Did you not see the water fountain show in front of the Burj Khalifa? It's one of the highlights of Dubai, and much better than the Bellagio IMO. It's in a self-contained area where you can eat dinner at any number of restaurants with a great view. They've also incorporated fire into some of the shows. Don't miss it on your next trip, it's spectacular.

We know about it, but to be honest fountains shows are just not our thing...and really, once you've experienced the world is a carousel of color, any other show in the world just pales in comparison. I may never see another show again!

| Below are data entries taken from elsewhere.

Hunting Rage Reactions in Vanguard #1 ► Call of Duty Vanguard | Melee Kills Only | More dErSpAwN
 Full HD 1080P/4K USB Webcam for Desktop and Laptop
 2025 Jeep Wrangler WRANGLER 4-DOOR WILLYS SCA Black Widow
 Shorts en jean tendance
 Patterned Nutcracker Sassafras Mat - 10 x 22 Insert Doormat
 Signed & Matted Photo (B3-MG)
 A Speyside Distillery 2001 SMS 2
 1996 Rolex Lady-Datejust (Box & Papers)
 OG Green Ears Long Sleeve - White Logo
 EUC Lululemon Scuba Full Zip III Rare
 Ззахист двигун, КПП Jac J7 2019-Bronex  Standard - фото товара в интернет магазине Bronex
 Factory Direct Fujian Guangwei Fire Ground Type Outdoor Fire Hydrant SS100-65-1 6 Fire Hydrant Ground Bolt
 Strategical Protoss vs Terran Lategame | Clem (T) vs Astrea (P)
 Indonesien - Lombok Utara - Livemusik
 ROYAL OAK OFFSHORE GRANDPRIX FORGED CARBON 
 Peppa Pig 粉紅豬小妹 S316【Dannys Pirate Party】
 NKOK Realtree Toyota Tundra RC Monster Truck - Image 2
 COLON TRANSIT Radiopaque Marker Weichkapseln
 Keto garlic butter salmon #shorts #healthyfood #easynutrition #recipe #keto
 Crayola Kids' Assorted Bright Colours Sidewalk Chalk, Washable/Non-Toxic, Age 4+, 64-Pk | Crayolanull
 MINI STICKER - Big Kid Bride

but for theme park fans there's a "hidden" dark ride inside Khalifa Park that almost no one, including locals, knows about. It's a Peter Pan style hanging track ride that takes you past vignettes of Gulf history and an aquarium. It might be worth a small side trip since you'll be the only ones there and one of the few to have ridden it.

We know about this, but decided to skip it. Again, it just wasn't really out thing. Maybe when we go as a group, we'll do it. But we had so many other stops on our agenda that this just simply didn't make the cut.


Also in AD, you posted a pic of the Sheikh Zayed mosque, which is as grand as the Taj Mahal. I know TPR doesn't focus on cultural attractions, but that mosque is almost like a theme park attraction breaking many records for largest chandelier and carpet in the world.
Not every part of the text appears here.